# GCC Great Cut Software not opening! Help



## Georgielou

Hi folks,
We've just upgraded to GCC EXPERT 24 cutter and have installed Great Cut software onto the laptop. The shortcut is on the Desktop, all drivers installed and computer recognises the cutter. However, I cannot open the Great Cut program!! It attempts to load for about 10 secs (loading icon appears), then nothing. 
Can't seem to find any troubleshooting help on this, and have gone over the install set-up instructions a few times. Might be missing something really simple, but I can't find it!
Could it be compatibility problem? Or computer problem?
Please help!! 
Thank heaps.


----------



## GraphicsSolution

Did you do the online registration. I had to register online with the gcc club and submit my serial number. Then they emailed me my activation code.


----------



## Georgielou

Hi, thanks for replying! Yes we did that, and received the code. We haven't been able to even enter the code as the program won't open. I know my previous software needed a dongle to operate,but Great Cut doesn't require this, right?


----------



## GHEENEE1

Georgie, if I understand, sounds like your trying to install Greatcut on a desktop and a laptop. I think you would need a multi user license.


----------



## JimboG

I had the same problem with Great Cut. My computer that it was originally on died and a couple of months ago, i reinstalled it, and they gave me a 30 day code and I registered again and I never did receive a new code. I had to have my cutter working, so I am just printing straight out of CorelDraw and really works better then using their software.


----------



## Georgielou

Hi! No, I was referring to the desktop on my laptop. Not 2 separate computers. But thanks for your reply!


----------



## Georgielou

JimboG said:


> I had the same problem with Great Cut. My computer that it was originally on died and a couple of months ago, i reinstalled it, and they gave me a 30 day code and I registered again and I never did receive a new code. I had to have my cutter working, so I am just printing straight out of CorelDraw and really works better then using their software.

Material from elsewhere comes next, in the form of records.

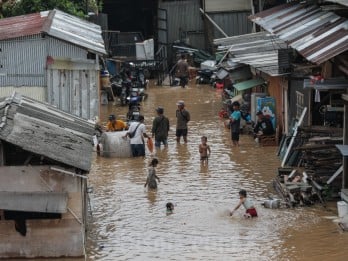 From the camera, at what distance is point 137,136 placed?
21.4 metres

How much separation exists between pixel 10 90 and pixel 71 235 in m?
9.28

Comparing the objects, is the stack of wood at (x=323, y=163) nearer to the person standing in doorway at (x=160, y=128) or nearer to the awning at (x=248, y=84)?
the person standing in doorway at (x=160, y=128)

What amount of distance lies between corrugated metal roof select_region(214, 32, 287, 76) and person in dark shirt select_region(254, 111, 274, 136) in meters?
1.20

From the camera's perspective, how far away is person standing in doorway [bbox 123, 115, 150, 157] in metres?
21.3

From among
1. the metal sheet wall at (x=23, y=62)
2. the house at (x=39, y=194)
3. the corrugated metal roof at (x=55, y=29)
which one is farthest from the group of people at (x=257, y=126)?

Yes, its taken me some time to get it going, but I've now got it working. Even my supplier couldn't offer much help, but he also suggested cutting straight from CorelDraw. At the moment, I'm going ok with Great Cut. Lots of trial and error going on over here! Ha ha!


----------



## Blue92

When we licensed Great Cut they sent (If I remember correctly) an ECF file.

It installed the license by double clicking it and enabled Great Cut.


----------